I keep returning to the 1997 adaptation of Ellroy’s L.A. Confidential. It is sturdy and workmanlike in its construction and execution and has no pretension to art. And it’s far more successful than The Black Dahlia, constantly moving forward, rarely dwelling, and always keeping its eye on the whole.
The Illusionist
If you’ve seen both The Illusionist and The Prestige – two period movies about magic that were released a few months apart last year – you likely find one infinitely superior to the other. I’m a Prestige guy; The Illusionist, written and directed by Neil Burger, seems simple and dumb compared to Christopher Nolan’s rich, rewarding effort.
Several smart people disagree. At Slate, Dana Stevens claims:
“The Illusionist .., has considerable intellectual ambitions, though it tucks them discreetly up its sleeve. The film shows the competing strains of spiritualism and scientific rationalism that dominated late-19th-Century thought … .”
And in the Chicago Reader, Jonathan Rosenbaum is more explicit about the writer/director’s aims:
“Burger … at the outset … introduces us to the mysterious young magician, whose tricks are so spectacular we’re unsure whether to see them as supernatural miracles or as simply very good magic tricks. We’re also presented with a speculative account of how the magician was first introduced to magic – a whimsical fantasy encounter with another magician that provides more details we must decide whether to believe or doubt. The romanticism of Burger’s depiction of 1900 Vienna (conjured up with an exquisite sense of suggestion and ellipsis) and the love story he’s telling serve the same function … : We’re given an elaborate menu of choices, and … we decide how much to believe … .”
These are fair readings thematically, but The Illusionist undercuts them by being far too coy about magic. Yes, there’s a skeptical inspector (Paul Giamatti) whose presence and inquiries prompt the audience to ask whether Edward Norton’s character is merely an illusionist or actually has supernatural powers. (The movie’s title suggests the former.) And yes, the way the movie’s pivotal event is filmed will alert many people to what’s going on.

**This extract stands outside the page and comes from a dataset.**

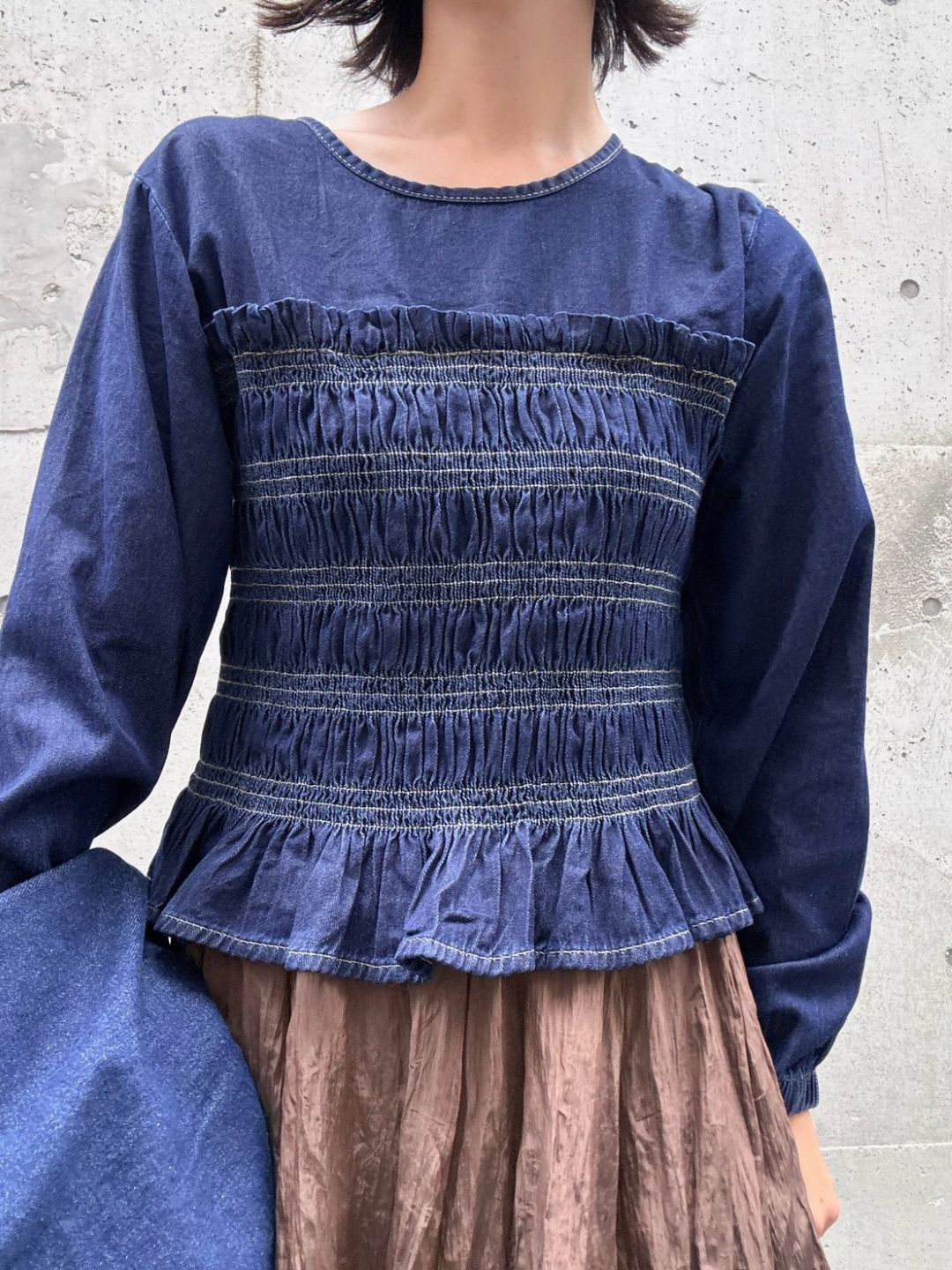 shirring denim tops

But unlike The Prestige, The Illusionist refuses to show the mechanics of any of its tricks, so the final reveal – which Rosenbaum charitably suggests is thrillingly ambiguous – was to me maddeningly wishy-washy. The Prestige invoked the supernatural (or at least the science-fictitious), but it let the audience know what was possible in the movie’s world; The Illusionist pushes the audience to believe in magic and then pulls the rug out.
Two tricks illustrate the point. The first involves an orange tree that grows miraculously on a tabletop. The second shows Norton conjuring the spirits of the dead before an audience. Burger tells the audience that both could be illusions – the inspector is given the instructions for the tree trick, and a movie projector hints at the secret of the other – but that appears impossible. The tree is clearly achieved cinematically through the use of computer-generated imagery, while the noise of a projector is conspicuously absent from the hushed performance auditorium. Burger wants it both ways: Su
btle clues tell the audience that the effects cannot be achieved without the supernatural, but then – without ever telling viewers how they might be created mechanically – he expects us to march into the camp of skeptics.
Rosenbaum says that we must decide what to believe. But Burger doesn’t give us enough evidence to logically support either conclusion, so I’ll believe that The Illusionist is just a bad movie.